I just spent 9 days in the vast Northern Rangelands of Kenya — first at the Lewa Conservancy, then at neighboring community-owned conservancies like Namunkay, West Gate and Sara. These are mostly, though not exclusively, the pastoral lands of the Samburu people.
My top task was to join a scientific expedition led by the Conservancy of an amazing sky island ecosystem. The lions we encountered made the trip even more special. First, though, a bit about the land itself.
From the air or a mountain top, the region — the size of West Virginia — shimmers in the heat, absolutely still and timeless: a vast acacia thorn savanna.
But up close, walking through the bush, or sleeping by the river bed, the noise of francolins, bats, frogs, elephants, and (above all) lions, is a constant and ever-present reminder that this land throbs with life.
We were fortunate even in this short trip to have many encounters with cats: Leopards roaming Sara Conservancy at dusk, and a cheetah incredulously hunting a Grant’s Gazelle just outside the main office of the Lewa Wildlife Conservancy
. (The cheetah succeeded in catching the gazelle.)
But our best encounter with cats would happen in a part of the Northern Rangelands that had never hosted a scientific expedition until now — the Matthews Mountains.

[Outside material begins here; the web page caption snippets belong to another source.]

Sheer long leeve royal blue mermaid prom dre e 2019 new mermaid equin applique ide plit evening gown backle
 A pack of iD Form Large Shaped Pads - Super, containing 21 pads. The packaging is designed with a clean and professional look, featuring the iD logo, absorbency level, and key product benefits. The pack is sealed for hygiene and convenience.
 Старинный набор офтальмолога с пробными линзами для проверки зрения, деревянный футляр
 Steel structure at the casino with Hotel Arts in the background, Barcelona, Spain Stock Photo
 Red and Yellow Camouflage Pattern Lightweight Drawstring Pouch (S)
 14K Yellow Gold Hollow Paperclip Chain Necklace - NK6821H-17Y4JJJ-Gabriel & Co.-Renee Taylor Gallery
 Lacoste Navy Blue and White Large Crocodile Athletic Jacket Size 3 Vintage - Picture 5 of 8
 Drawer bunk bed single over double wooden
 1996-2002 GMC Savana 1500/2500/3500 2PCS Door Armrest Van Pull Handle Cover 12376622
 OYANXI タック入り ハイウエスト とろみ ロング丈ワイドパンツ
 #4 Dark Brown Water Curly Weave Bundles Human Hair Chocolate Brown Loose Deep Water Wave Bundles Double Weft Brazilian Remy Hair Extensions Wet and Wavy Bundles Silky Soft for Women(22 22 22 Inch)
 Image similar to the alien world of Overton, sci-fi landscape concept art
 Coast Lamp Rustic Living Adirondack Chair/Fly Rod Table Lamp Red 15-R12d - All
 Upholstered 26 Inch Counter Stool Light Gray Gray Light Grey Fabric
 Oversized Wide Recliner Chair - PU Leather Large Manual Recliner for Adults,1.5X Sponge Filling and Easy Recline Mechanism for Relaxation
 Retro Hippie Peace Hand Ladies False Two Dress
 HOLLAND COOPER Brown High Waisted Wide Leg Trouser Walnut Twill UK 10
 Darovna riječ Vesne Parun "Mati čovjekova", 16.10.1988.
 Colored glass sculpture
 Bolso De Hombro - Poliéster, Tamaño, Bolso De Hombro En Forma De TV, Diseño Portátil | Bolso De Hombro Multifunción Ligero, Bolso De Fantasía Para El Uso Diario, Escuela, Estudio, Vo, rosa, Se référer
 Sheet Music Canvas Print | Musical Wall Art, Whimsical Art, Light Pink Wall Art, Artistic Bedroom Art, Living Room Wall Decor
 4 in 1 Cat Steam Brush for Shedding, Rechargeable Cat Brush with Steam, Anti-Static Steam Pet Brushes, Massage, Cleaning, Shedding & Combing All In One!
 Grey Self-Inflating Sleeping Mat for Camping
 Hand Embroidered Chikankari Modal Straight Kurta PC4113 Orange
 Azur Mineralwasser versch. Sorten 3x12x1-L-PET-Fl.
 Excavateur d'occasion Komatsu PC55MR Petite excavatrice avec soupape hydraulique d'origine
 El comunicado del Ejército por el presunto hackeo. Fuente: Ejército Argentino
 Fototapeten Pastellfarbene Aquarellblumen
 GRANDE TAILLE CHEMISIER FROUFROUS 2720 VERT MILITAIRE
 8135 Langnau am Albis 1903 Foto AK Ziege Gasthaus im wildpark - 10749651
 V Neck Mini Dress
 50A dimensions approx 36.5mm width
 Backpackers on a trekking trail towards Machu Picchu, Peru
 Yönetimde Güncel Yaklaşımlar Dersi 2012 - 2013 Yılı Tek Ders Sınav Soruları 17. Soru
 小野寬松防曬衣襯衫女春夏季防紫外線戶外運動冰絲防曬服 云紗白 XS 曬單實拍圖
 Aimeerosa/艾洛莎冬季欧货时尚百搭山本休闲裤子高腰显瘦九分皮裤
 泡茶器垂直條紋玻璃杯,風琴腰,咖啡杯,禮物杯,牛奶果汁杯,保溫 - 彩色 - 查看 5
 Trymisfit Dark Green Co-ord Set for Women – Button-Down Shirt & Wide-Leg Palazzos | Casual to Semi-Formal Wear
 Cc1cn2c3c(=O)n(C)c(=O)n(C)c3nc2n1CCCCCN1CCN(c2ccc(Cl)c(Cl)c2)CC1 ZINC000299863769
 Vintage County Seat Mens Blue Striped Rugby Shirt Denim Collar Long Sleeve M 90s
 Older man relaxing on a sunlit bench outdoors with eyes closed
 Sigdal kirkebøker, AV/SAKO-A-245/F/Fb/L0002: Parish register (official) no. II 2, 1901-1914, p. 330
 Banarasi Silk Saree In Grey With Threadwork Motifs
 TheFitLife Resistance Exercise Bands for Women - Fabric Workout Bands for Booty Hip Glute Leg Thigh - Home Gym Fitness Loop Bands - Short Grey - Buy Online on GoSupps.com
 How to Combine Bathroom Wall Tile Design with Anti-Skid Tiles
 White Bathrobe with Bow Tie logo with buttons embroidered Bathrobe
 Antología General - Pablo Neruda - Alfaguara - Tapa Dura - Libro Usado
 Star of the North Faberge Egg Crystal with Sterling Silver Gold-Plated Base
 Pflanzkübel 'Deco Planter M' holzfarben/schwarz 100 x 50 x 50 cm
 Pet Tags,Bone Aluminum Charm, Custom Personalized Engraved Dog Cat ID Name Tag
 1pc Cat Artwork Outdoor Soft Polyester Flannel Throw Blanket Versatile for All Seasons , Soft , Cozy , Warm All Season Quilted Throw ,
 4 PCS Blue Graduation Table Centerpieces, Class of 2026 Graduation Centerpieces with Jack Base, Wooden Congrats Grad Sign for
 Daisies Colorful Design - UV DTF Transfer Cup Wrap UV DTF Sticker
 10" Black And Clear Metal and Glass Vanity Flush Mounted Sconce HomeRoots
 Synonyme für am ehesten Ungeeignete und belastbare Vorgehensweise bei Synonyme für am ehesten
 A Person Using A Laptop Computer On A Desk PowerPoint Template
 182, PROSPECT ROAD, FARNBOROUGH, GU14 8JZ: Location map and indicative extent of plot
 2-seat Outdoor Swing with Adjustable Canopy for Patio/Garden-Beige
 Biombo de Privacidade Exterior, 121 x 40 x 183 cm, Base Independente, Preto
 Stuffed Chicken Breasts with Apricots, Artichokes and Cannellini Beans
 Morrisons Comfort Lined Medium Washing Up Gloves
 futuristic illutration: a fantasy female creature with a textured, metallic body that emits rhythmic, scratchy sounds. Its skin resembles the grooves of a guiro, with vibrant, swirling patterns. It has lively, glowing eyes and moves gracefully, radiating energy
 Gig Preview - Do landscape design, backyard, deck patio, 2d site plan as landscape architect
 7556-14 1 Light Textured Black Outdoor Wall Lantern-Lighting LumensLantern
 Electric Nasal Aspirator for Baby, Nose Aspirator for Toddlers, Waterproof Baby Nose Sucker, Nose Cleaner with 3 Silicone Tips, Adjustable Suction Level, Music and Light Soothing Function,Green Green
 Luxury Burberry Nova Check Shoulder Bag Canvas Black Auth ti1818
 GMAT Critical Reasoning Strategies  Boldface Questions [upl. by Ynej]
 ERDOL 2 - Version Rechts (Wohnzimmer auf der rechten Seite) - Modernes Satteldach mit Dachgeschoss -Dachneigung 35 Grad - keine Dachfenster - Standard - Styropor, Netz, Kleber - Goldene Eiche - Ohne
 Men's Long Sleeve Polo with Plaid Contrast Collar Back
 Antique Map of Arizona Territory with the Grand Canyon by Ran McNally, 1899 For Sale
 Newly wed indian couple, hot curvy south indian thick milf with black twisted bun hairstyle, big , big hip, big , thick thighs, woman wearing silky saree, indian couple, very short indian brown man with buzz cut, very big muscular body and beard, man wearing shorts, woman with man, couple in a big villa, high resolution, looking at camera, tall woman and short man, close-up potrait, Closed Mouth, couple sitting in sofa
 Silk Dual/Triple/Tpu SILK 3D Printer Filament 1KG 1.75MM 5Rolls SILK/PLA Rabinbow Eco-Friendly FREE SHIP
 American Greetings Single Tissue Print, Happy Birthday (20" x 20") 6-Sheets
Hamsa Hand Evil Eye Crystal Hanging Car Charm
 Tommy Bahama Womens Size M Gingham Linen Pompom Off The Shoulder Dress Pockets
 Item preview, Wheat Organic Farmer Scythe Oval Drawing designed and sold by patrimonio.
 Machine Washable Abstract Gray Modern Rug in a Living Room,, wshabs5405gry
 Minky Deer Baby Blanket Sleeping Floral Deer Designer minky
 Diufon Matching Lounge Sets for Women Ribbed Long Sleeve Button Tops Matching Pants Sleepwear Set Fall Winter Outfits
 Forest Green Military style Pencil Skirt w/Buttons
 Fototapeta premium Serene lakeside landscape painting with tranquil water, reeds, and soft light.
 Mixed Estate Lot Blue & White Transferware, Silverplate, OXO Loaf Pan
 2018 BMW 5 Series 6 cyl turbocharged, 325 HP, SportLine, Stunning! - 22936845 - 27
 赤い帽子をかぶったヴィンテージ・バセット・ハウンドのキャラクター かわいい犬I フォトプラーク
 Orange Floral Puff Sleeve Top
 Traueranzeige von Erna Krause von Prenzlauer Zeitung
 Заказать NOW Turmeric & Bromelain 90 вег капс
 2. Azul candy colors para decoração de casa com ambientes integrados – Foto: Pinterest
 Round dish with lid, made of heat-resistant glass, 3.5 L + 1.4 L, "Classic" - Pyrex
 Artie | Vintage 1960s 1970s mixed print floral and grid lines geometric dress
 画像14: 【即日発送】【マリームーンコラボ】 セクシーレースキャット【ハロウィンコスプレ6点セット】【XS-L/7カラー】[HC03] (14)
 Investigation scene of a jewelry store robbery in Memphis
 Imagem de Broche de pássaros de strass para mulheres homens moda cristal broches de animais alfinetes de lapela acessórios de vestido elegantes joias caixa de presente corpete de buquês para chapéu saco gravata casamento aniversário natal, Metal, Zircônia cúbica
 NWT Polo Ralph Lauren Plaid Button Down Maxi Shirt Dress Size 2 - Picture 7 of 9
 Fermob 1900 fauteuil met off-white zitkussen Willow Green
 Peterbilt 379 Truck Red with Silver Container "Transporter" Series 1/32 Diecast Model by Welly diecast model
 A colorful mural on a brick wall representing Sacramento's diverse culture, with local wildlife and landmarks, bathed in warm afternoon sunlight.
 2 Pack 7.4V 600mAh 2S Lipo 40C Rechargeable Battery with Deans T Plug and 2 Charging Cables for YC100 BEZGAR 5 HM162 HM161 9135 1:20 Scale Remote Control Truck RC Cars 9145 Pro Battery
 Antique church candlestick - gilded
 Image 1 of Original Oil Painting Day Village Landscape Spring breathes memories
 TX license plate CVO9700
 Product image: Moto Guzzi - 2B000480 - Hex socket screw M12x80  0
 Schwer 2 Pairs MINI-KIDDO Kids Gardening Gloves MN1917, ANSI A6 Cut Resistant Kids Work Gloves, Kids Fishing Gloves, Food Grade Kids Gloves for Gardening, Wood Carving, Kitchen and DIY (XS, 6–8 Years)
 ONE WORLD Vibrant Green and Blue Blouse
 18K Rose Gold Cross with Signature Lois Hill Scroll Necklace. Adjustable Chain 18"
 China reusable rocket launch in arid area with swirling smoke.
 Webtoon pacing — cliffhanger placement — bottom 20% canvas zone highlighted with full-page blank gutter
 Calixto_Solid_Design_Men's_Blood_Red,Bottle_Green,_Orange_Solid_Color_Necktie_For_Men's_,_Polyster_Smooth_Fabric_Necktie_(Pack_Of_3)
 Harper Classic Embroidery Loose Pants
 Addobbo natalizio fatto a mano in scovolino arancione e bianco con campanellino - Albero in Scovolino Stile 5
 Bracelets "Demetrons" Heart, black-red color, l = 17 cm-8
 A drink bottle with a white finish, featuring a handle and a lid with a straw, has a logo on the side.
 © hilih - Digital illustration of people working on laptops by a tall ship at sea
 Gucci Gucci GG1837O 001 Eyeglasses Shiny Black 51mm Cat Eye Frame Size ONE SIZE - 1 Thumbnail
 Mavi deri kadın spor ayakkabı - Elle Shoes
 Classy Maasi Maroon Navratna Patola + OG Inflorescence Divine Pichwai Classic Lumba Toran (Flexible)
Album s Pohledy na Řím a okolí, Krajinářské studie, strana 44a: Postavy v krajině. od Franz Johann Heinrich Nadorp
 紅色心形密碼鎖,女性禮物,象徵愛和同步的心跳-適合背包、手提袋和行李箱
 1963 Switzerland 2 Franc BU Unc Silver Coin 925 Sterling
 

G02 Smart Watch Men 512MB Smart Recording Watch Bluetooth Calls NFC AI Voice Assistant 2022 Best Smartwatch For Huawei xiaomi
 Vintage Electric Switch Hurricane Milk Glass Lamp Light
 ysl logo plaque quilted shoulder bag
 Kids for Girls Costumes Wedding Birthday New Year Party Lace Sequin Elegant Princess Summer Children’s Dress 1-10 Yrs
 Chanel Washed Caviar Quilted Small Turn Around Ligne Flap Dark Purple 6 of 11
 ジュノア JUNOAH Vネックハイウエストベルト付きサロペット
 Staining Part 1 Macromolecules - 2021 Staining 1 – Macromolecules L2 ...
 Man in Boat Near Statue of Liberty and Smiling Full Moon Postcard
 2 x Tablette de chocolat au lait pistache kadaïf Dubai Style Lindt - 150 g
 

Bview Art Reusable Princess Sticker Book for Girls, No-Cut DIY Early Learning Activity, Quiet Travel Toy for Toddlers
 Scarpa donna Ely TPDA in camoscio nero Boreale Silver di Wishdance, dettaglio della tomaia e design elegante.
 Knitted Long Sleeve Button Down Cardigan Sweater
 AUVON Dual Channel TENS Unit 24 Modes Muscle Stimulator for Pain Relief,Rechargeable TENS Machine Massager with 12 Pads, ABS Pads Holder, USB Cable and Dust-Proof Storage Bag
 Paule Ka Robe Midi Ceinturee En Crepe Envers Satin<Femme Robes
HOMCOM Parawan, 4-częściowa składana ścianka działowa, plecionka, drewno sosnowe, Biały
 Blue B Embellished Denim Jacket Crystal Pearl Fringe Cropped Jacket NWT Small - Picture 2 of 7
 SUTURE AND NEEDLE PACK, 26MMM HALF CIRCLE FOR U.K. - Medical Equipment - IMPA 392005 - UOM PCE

The Matthews Mountains: An isolated sky island
If you fly north of Lewa and cross into Samburu Game Reserve, a giant table-top like massif dominates the landscape — these are the Matthews.
Sheer cliffs and a thick cloud forest keep the top shrouded in mist. The Matthews are the main watershed for the area. They give shelter in the dry season to cattle and wildlife, and rain from the cloud forests helps keep the dry land below habitable.
We think the Matthews have been isolated, like a sky island, for over 1 million years, from a time when the landscape was far more green and forested. Today it is a forest island, harboring cycads (ancient species of plants from the age of the dinosaurs), monkeys and forest buffalo isolated from Mount Kenya by 200 miles of savanna.
The Nature Conservancy launched a full-scale expedition into the Matthews, putting a dozen scientists and scouts up at two camps in the mountains for two weeks. Most of the scientists were Kenyan from the university or museum system, and they were joined by three tribal elders, experts in cultural sites and ethnobotany.
We made a small trail up to a high plateau, deep in the cycad forest, and placed a small string of our infra-red track cameras along a game trail in the hopes of catching a forest antelope or giant ground hog on video. But when we arrived at the same spot to camp for two nights and explore the area, we had an extraordinary encounter.
Puncture marks made by … ?
I was the first one up and I noticed almost immediately one of the cameras laying shattered on the trail. It had deep punctures in its hardened casing, and was crushed and broken.
My first thought was that someone had fired a shot gun at it. But as we examined it we realized the puncture marks were made by teeth. The guessing began immediately — hyena, forest hog, civet cat, honey badger, maybe even a leopard — all common forest animals in the Matthews.
Amazingly, the chip inside had survived the assault and we crowded around my laptop as I downloaded the images. There in the stealth of night was a big, glowing, male lion. Right there! Exactly where our flimsy tents now were.
He had done this to our camera. How he had managed to see it is still a mystery — the camera films in infrared, and makes NO sound. It is inert. Perhaps he smelled it — a thought that did not actually help the situation.
For me, this was a first. Seeing a lion in the forest is a pretty rare thing. Historic records show that lions were found in many heavily forested countries; but seeing this guy — after the hundreds of lions I have seen lazing on a wide-open savanna, this massive and powerful lion slipping between the trees in the Matthews Mountains — entirely changed my attitude toward the species.
It was a simple demonstration of the resilience and power of nature. An acknowledgment of all that we don’t know — putting us right back on the rung where we belong.
But the surprise didn’t end there. Later that night as I showed the photos in sequence to our armed scouts, something felt odd — the lion’s gait was all wrong, something was out of sync. Then I looked at the time code … and there it was, in plain sight — TWO LIONS!!
The first one goes by at 00:12:47 (that’s 12 minutes and 47 seconds past midnight). The next is the same (00:12:47). Then, there is a jump. The last two are a full 20 seconds later — a second lion. Almost identical to the first but for the subtle difference in the cut of the mane and a small mark on the back near the spine.
Here’s what we were seeing: Two brothers working their territory, this forest, the peaks of the Matthews, hunting buffalo, forest antelope, bush buck, and who knows what.
Needless to say, my late-night discovery went over better in the pale light of morning than sitting there by the fire at midnight, the prowling hour for the brothers.